Philibert, c'était le nom du pauvre homme qui avait péri aux mains des fangeux depuis un an maintenant. Quelle tragédie. A l'époque, Grimoald en avait ressenti énormément de peine. Il avait été le premier témoin de l'enthousiasme de ce couple, de leur amour et de leur ferveur envers Serus qui pourrait leur accorder le don suprême de la naissance. Mais non, le mal se rappelait toujours à la vie et les Fangeux prendront soin de n'en respecter aucun précepte ni aucun bonheur. Tout le monde se doit de souffrir sous leurs griffes et leurs crocs, c'est le message que les mortels reçoivent quand la vie d'un si honnête homme est arraché au cœur de sa belle.

Ce n'est donc pas sans un sourire las que le prêtre accueillit Mathilde à sa table. Elle demeurait enthousiaste, ce qui avait le don de réchauffer le cœur de l'homme de foi. L'espoir, en tout cas son illusion salvatrice et rassurante, n'était pas mort en ce monde et le simple fait de voir des récoltes se dérouler convenablement était capable de rendre le sourire à toute l'humanité. Joyeux s'activa de sous la table, non pas de manière hostile, mais bien pour faire la fête à la nouvelle arrivante et réclamer quelques caresses. Il remua la queue si intensément qu'elle claqua contre le pied de la table de bois. Grimoald gloussa. Joyeux savait montrer qu'il était là au meilleur moment. L'empathie de ce chien dépassait de loin celle de beaucoup d'hommes, c'était bien là l'oeuvre de Serus, assurément. Qui d'autre aurait pu confier à son serviteur un tel cadeau que ce fidèle cabot ?

- Du calme, Joyeux, du calme ! Réclama le prêtre en riant avant de porter son regard sur Mathilde. Bonsoir, ma fille. Faites comme chez vous bien sûr, installez-vous.

D'un geste du bras il lui indiqua avec amabilité la chaise qui se trouvait en face de lui et remarqua, non sans soulagement, qu’Esméralda, la fille des tenanciers, emboîtait le pas de la paysanne pour apporter à Grimoald son repas du soir. Evidemment, ce n'était qu'une bouillie de blé et quelques légumes, mais le parfum qui s'en échappait réveilla tout de suite le ventre du pauvre prêtre qui fit pourtant la preuve de toute son abnégation pour ne pas bondir sur l'assiette que la jeune femme déposa sous son nez accompagnée de sa choppe de bière mousseuse. Cependant, on ne pouvait manquer la lueur affamée qui pointa dans les yeux du jeune homme... et de son chien. Car lui aussi escomptait bien avoir sa part du dîner, sachant pertinemment que son maître avait pris l'habitude de le laisser lécher ce qui reste dans la gamelle à la fin du repas. C'était peut-être le secret de sa fidélité finalement, la perspective de manger un fond de bouillie poisseuse tous les jours. Il en fallait décidément peu pour être heureux, aux animaux. Grimoald interrompit rapidement ce débat intérieur pour tout de même répondre à sa compagnie de table.

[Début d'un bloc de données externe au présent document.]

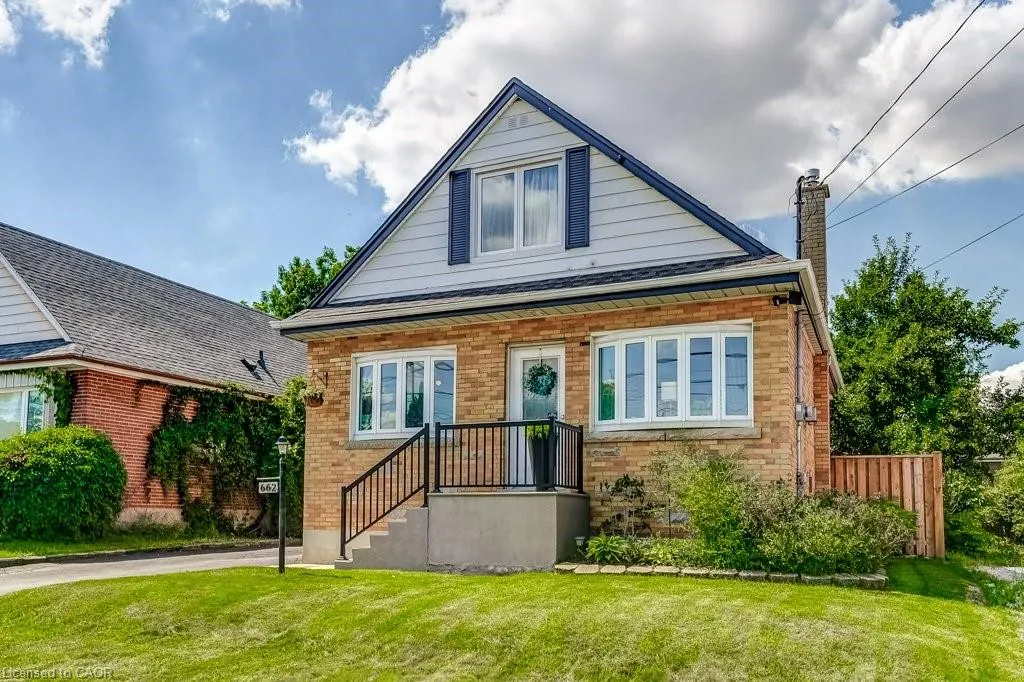 662 Upper Sherman Avenue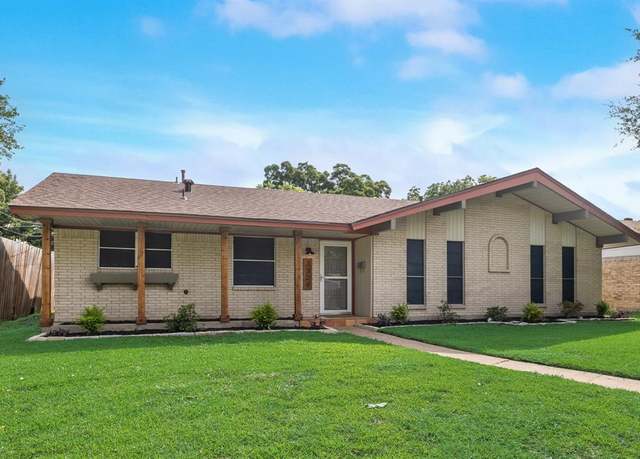 Property at 3329 Eastbrook Dr, Mesquite, TX 75150, 3 beds, 2 baths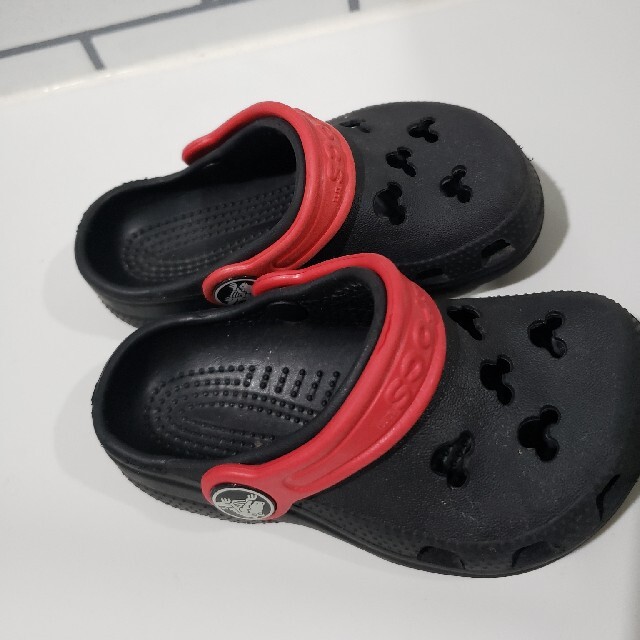 crocs(クロックス)のクロックス　ミッキー　ブラック　6c7 キッズ/ベビー/マタニティのベビー靴/シューズ(~14cm)(サンダル)の商品写真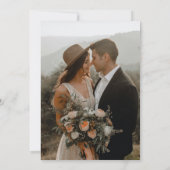 ダスティバラ金ゴールドアーチセージモノグラム結婚写真 招待状 (裏面)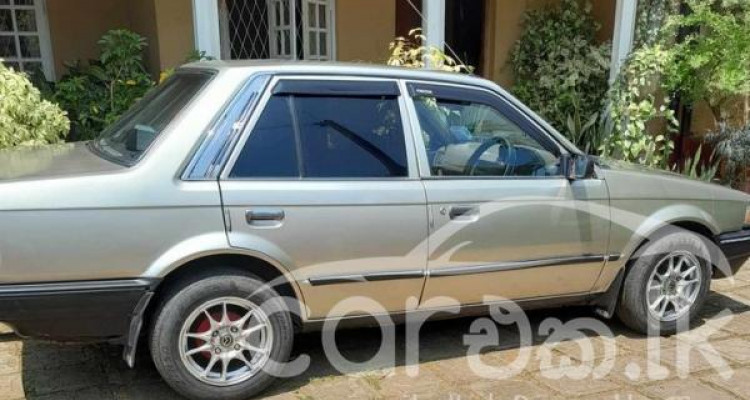 MAZDA 323 1988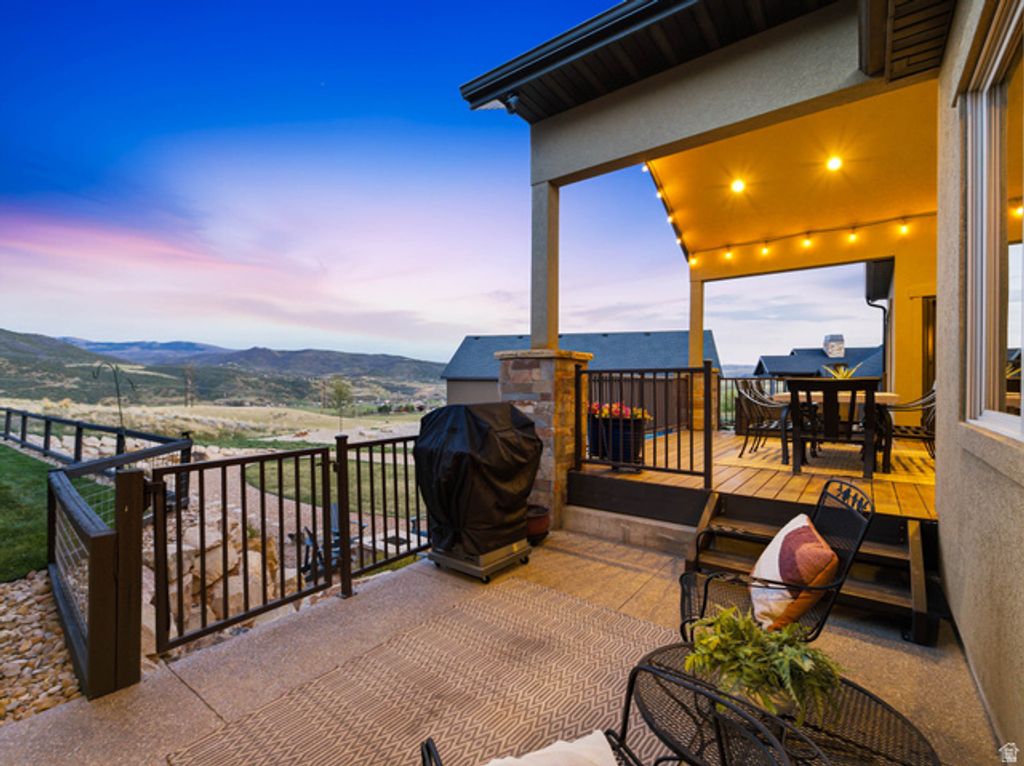 Image 83 of property listing at 402 SHADOW HILL RD, Wanship, UT 84017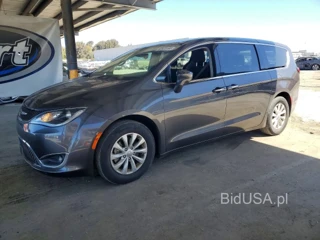 CHRYSLER PACIFICA TOURING PLUS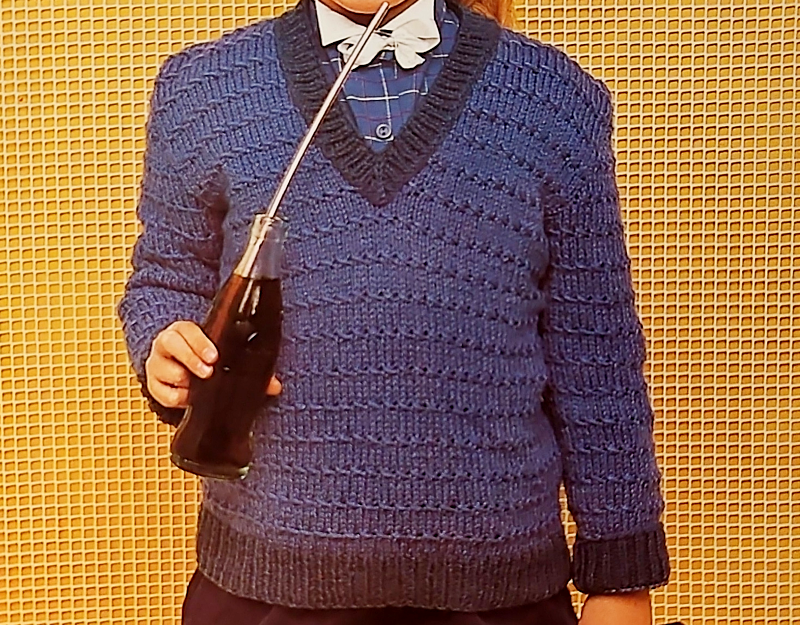 Mädchenpullover mit V-Ausschnitt (Größen 128-146) Anleitung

- Mes journées sont au moins aussi chargées que les vôtres, je pense. Serus vous accompagne dans vos lourds travaux par mon entremise, mais cela reste l’œuvre de vos bras avant tout. M'enfin, je ne sais pas ce que vous en pensez, mais je préfère mille fois m'étaler sur ma paillasse après une bonne journée de processions aux champs que de rester enroulé sous les fourrures parce qu'il gèle dehors.

Il esquissa large sourire entendu. S'il n'avait jamais été doté d'un certain sens de l'humour depuis son enfance, celui-ci s'était considérablement assombri depuis l'invasion. Il était devenu amer, acerbe, saillant comme les pommettes d'un enfant affamé. En bref, il ne faisait souvent rire que lui, même si Mathilde était de ces gens tellement marqués par la vie qu'elle serait susceptible de trouver cela drôle elle aussi. Pour l'importance que ça avait de toute façon, ils se tiendraient bien compagnie quoiqu'ils pourraient bien raconter. Le plus important dans ces rares moments d'innocentes interactions entre humains c'était la chaleur qu'on s'apportait l'un l'autre, pas le verbe que l'on déroulait devant nous comme une longue expectoration discontinue.

- Heureux d'apprendre que le Roi des Semailles vous a béni de bonnes récoltes, ma fille. Je veillerai à lui transmettre vos pieux remerciements, mais il serait d'autant plus heureux de vous voir faire une offrande en personne.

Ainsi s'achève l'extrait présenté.